10 set 1960

Menino da cidade

Periódico
Manchete

Publicada, posteriormente, no livro Homenzinho na ventania, de 1962, com pequena alteração no título:  "Menino de cidade".

Ouça a crônica de Paulo Mendes Campos na voz de Bia Paes Leme, coordenadora de música do IMS.

Papai, você deixa eu ter um cabrito no meu sítio? 

Deixo.

E porquinho-da-índia? E ariranha? E macaco? E quatro cachorros? E duzentas e vinte pombas? E um boi? Uma vaca? Um rinoceronte?

Rinoceronte não pode. 

Tá bem, mas cavalo pode, não pode?

O sítio é apenas um terreno no Estado do Rio, sem maiores perspectivas imediatas. Mas o garoto precisa acreditar no sítio como outras pessoas precisam acreditar no céu. O céu dele é exatamente o da festa folclórica, a bicharada toda e ele, que nasceu no Rio e contra a própria vontade vive nesta cidade sem animais. Aliás, ele mesmo desmente que o Rio seja uma cidade sem bichos, possuindo o dom de descobri-los nos locais mais inesperados. Se entra na casa de alguém, desaparece ao transpor a porta para voltar depois de três segundos com um gato ou cachorro na mão. A gente vai andando por uma rua de Copacabana, ele some e ressurge com um pinto amarelo. É chegar na Barra da Tijuca, e daí a cinco minutos ele já apanhou um siri vivo. Localiza misteriosamente todos os animais da redondeza, anda pela rua em disparada, cumprimentando aqui um papagaio, ali um ganso, mais adiante um gato, incansável e frustrado.
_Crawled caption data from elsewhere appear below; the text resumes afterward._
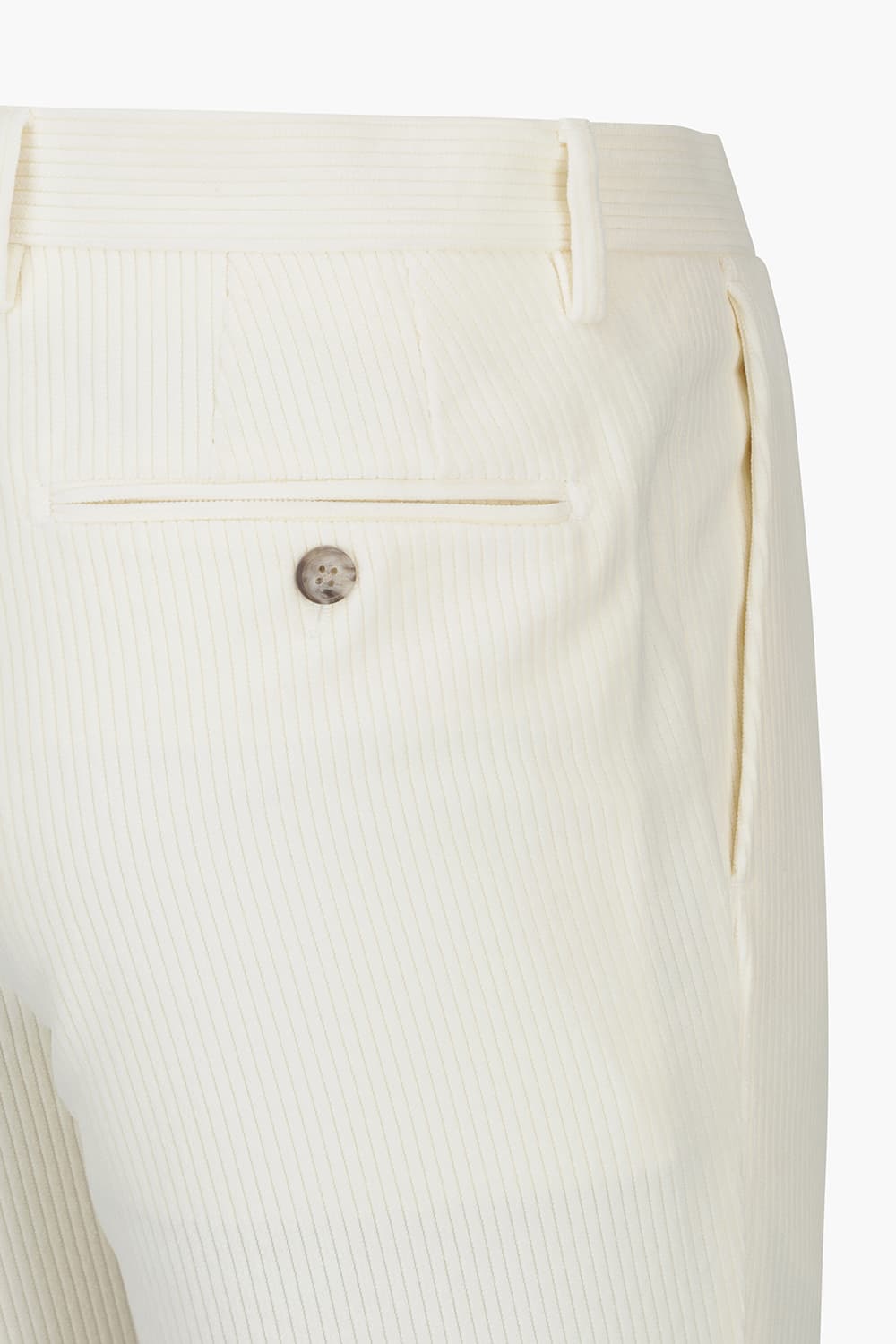 코튼 코듀로이 슬림 806 화이트 팬츠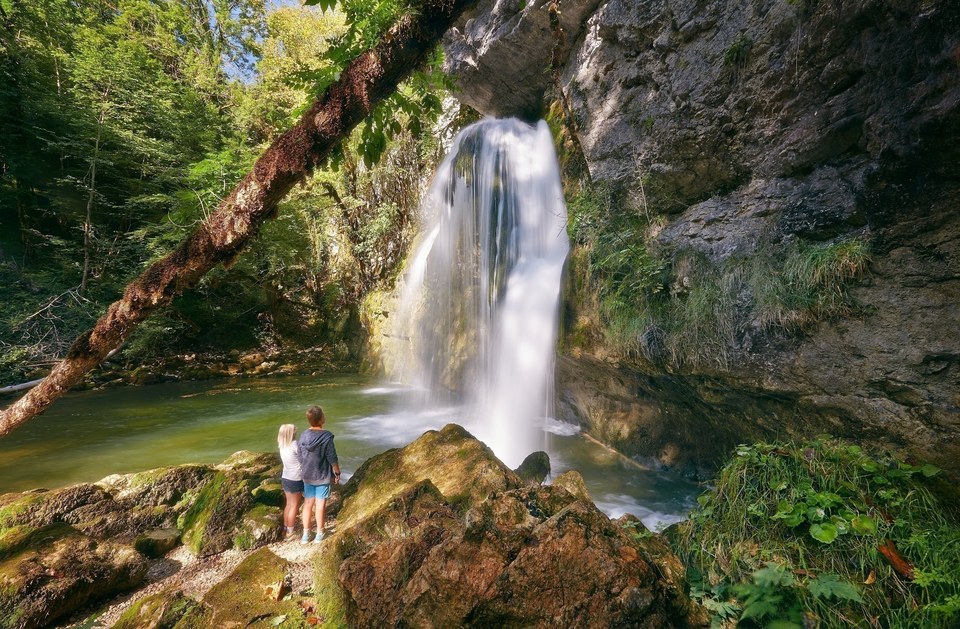 La cascade des Combes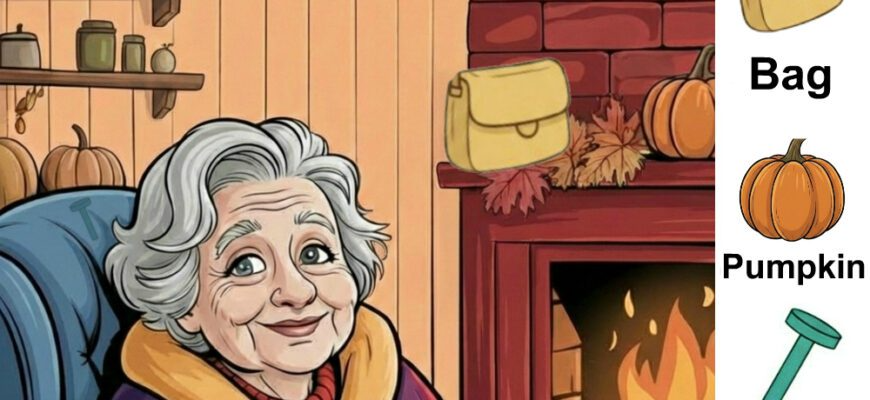 Find Bag, Pumpkin, Nail, Knife.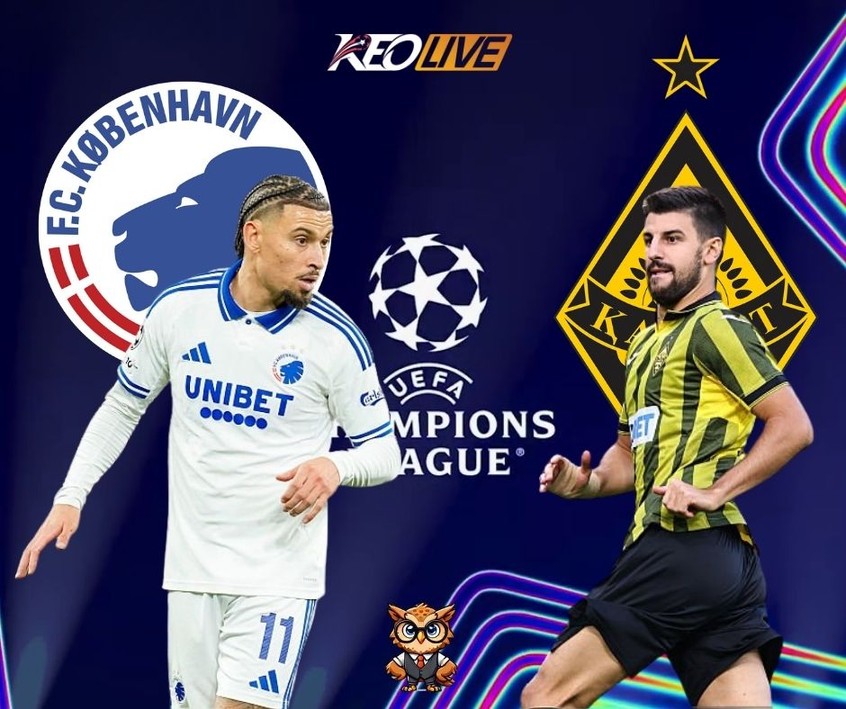 Cuộc đối đầu giữa København vs Kairat | Keolive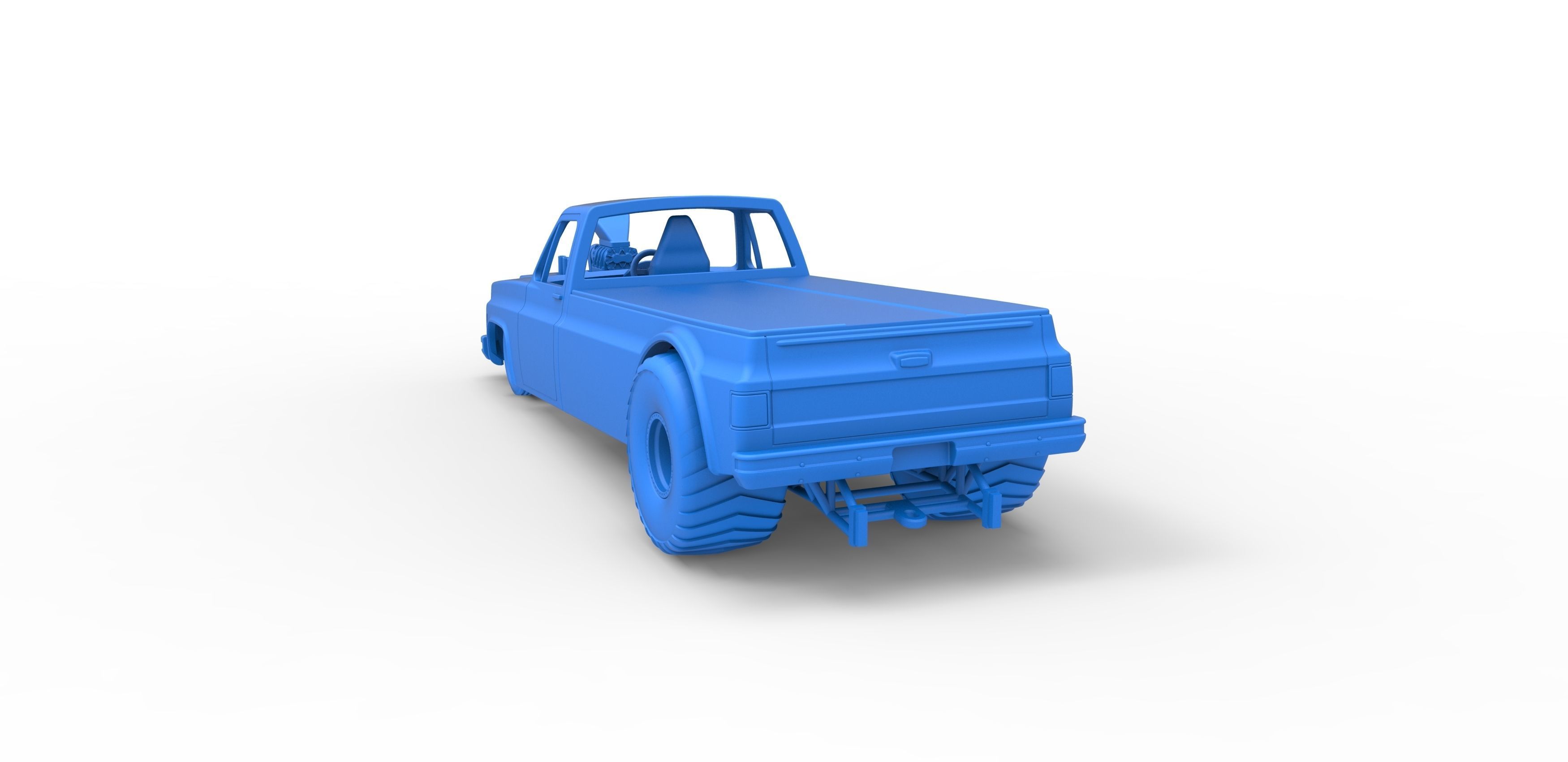 Pulling truck 2wd Scale 1 to 25 3D print model_27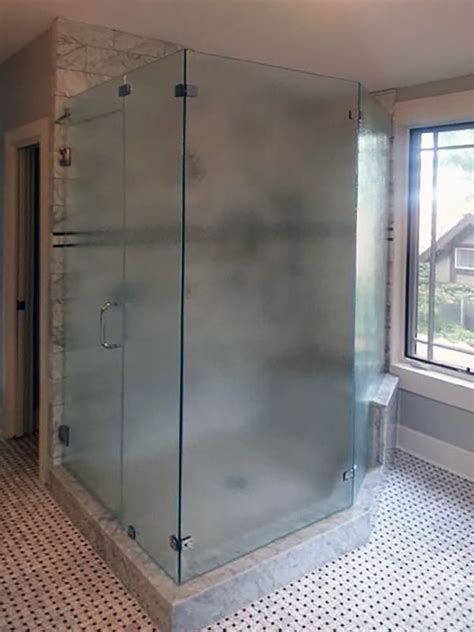 How To Etch Shower Glass Door Glass Door Ideas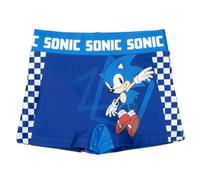 Sonic The Hedgehog Bañador para Niño, Sonic Knuckles y Tails Shorts de Baño Boxer, Bañador de Natación Infantil, Talla 10 Años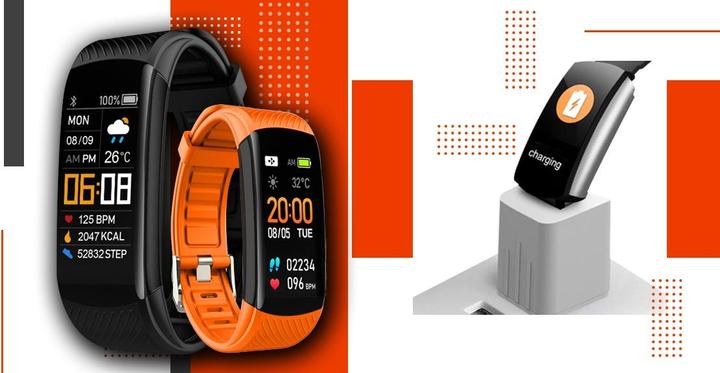 Image du produit Giewont Fit&GO Duo GW200-9 Smartband - Noir + bracelet Power orange (39.90 mm, 3G)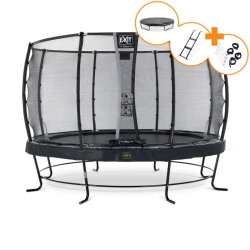 EXIT Elegant Premium trampoline complete set ø366cm - zwart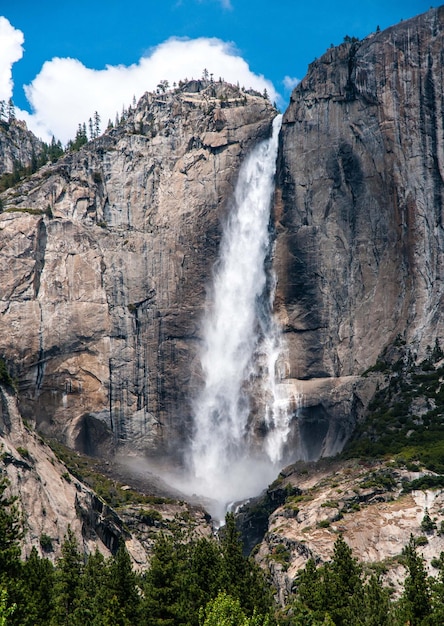 Photo vue de la cascade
Não distingue marcas de automóvel, em futebol não vai além de Garrincha e Nilton Santos, mas sabe perfeitamente o que é um mastim, um boxer, um pastor alemão. Dá informações sobre as pessoas de acordo com os bichos que elas possuem: aquele é o dono do Malhado, aquela é a dona do Lord... Ao telefone, pergunta por patos, gatos, e outros cachorros, centenas, milhares de cachorros, cachorros que ele prefere aos companheiros, cachorros que o absorvem na rua, na escola, na hora das refeições, cachorros que costumam latir e pular em seus sonhos, milhões de cachorros.

Sua literatura é rigorosamente especializada: livros coloridos sobre bichos. Engatinha mal e mal na leitura, mas fala com uma proficiência um pouco alarmante a respeito de répteis, batráquios etc. Filho de mãe inglesa, confunde fork com knife, mas sabe o que é seal e walrus. Se pede um pedaço de papel, é para desenhar uma zebra ou uma baleia.

É claro que a sua profunda frustração causa pena. Por isso mesmo, há algum tempo ganhou como consolo um canarinho-da-terra. Um dia, no entanto, como lhe dissessem que iam dar o passarinho, caso ele continuasse a comportar-se mal, correu para a área e abriu a porta da gaiola. Deram-lhe um bicudo, mas o bicudo morreu de tanto alpiste. Ganhou mais tarde uma tartaruga, pequenina e estúpida, que recebeu na pia do banheiro o nome de Henriqueta. Nunca qualquer outro quelônio deu tanto serviço. Um dia foi ao dentista na cidade, e, ao voltar para a casa, disse ao pai pela primeira vez uma palavra horrível: estou desesperado. Tinha perdido a tartaruguinha no lotação.

Ficou um vazio em sua vida. Seu alívio era ligar o telefone interurbano para a avó e indagar pelos patos que “possuía” em outra cidade. Ou fazer uma visita à futura mãe do Poppy, este um poodle que deverá nascer daqui a meio ano, prometido de pedra e cal para ele. Outro expediente: caçar borboletas, mariposas, grilos, alojar carinhosamente os insetos nas gaiolas vazias, chamar-lhes pelos nomes dos antigos bichos mortos ou desaparecidos.

Um tio deu-lhe outra vez um canário, o carinho foi demais, o passarinho morreu. Não há nada a fazer, por enquanto, e ele dedicou-se à arte de desenhar. De vez em quando ainda se anima e entra em casa afogueado, mostrando alguma coisa quase invisível nas mãos: “Olha que estouro de grilo”! Mas os grilos e as borboletas legais morrem ou saem tranquilamente das gaiolas, e ei-lo novamente de mãos e alma vazias.

Mas deu um jeito: arranjou alguns pires sem uso e plantou sementes de feijão. O banheiro está cheio de brotos de feijão, verdes e tímidos. E ele já se convenceu de que possui uma enorme fazenda.